Question

Ashok invests a certain sum of money at 20% per annum, compounded yearly. Geeta invests an equal amount of money at the same rate of interest per annum compounded half-yearly. If Geeta gets Rs. 33 more than Ashok in 18 months, calculate the money invested.

Answer 1

(i) For Ashok (interest is compounded yearly) : 

Let P = Rs. y; n = 18 months = `1 1/2` year and r = 20% p.a.

For 1 year
A = `"P"( 1 + r/100 )^n = y( 1 + 20/100 )^1 = (6/5)y`

For `1/2` year
P = Rs. `(6/5)y ;  n = 1/2` year and r = 20%

A = `"P"( 1 + r/[2 xx100] )^(n xx 2) = Rs. (6/5)y ( 1 + 20/[ 2 xx 100])^(1/2 xx 2) = Rs. (66/50)y`

(ii) For Geeta ( interest is compounded half-yearly )

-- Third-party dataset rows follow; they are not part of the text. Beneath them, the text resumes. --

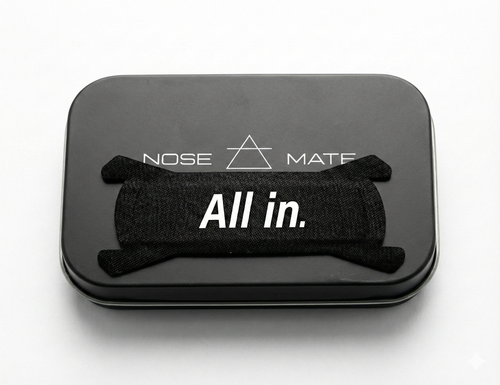 Лепенки за нос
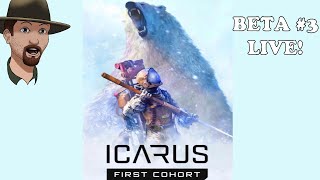 THE ARCTIC UPDATE BEGINS!- ICARUS BETA TEST WEEKEND #3- 1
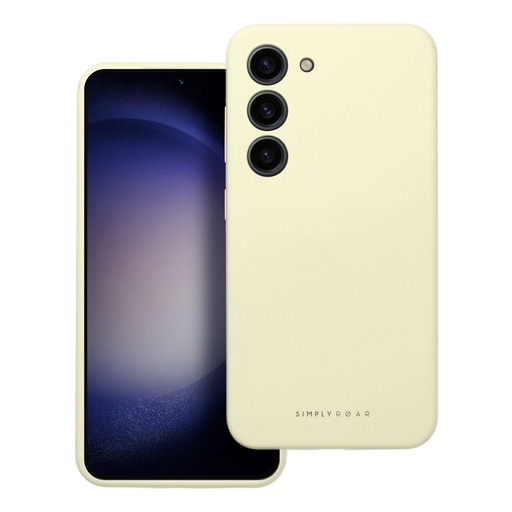 Samsung Galaxy S25 Roar Cloud Skin husă spate (Galben)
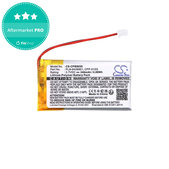 Battery for Plantronics, Avaya, 240mAh, Li-Pol, 3.7V, 65358-01, HQ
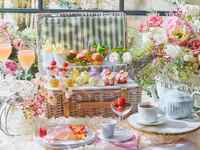 【ピクニック】フラワーマルシェアフタヌーンティー（土日祝）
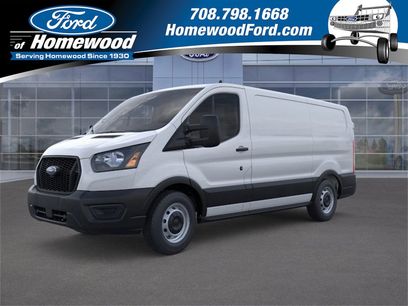 New 2025 Ford Transit 150 Low Roof w/ Load Area Protection Package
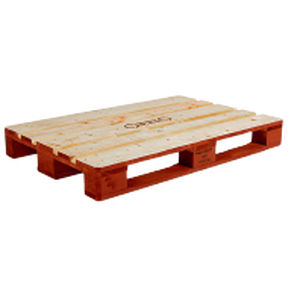 木质托盘 - IPP E812  - Naus Kisten en Pallets B.V. POOLING PARTNERS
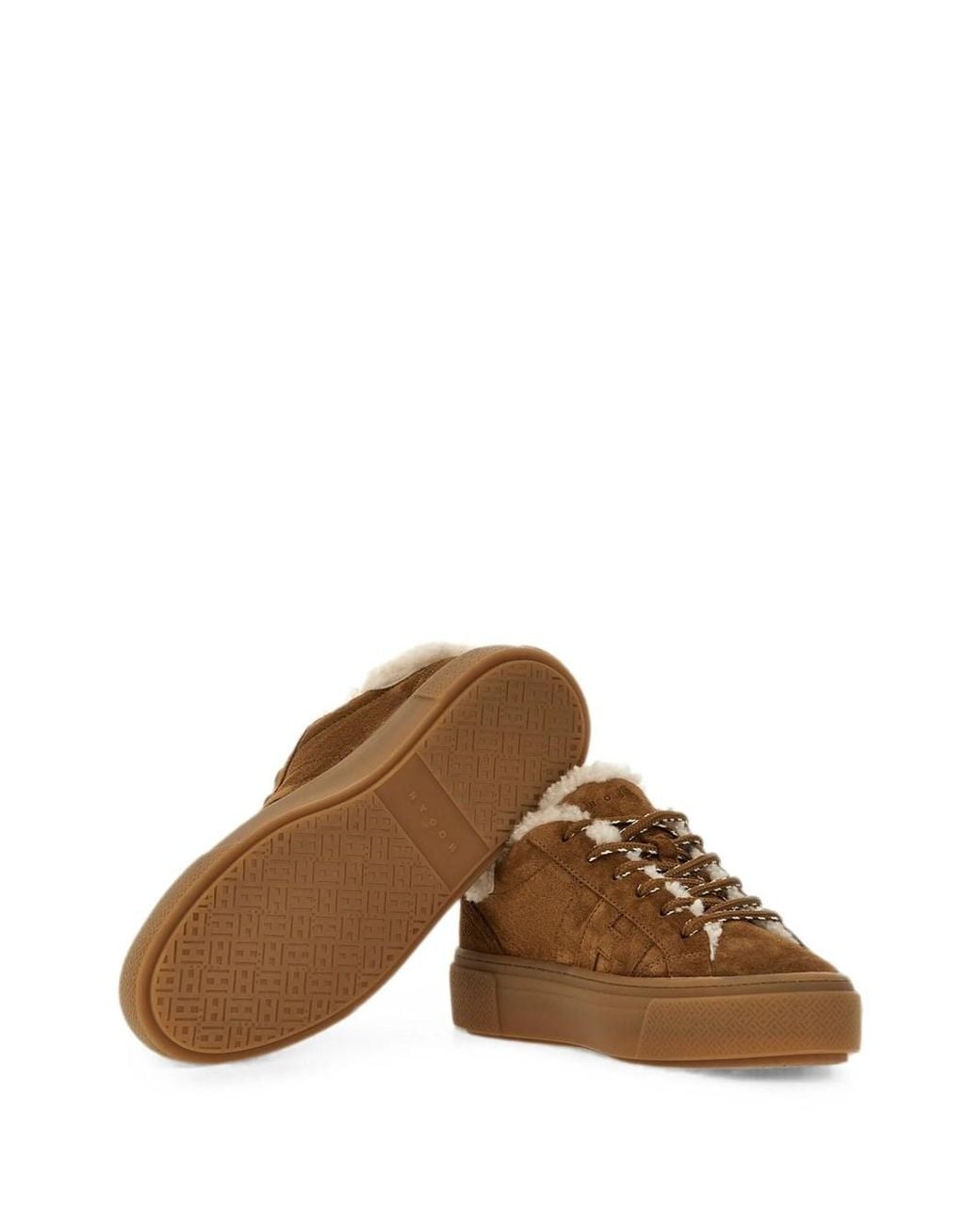 Hogan Brown Sneakers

 P = Rs. y ;  n = `1 1/2` year and r = 20% p.a.

`"A" = "P"( 1 + r/[ 2 xx 100 ])^( n xx 2) = y( 1 + 20/[ 2 xx 100 ])^( 3/2 xx 2) = y( 11/10 )^3`

= Rs. `(1,331)/(1,000)y`

According to question

∴ `(1,331)/(1,000)y - ( 66/50 )y = Rs. 33`

= `( 11/(1,000))y = Rs. 33`

= y = Rs. `[ 33 xx 1,000 ]/11 = Rs. 3,000`

Money invested by each person=Rs. 3,000.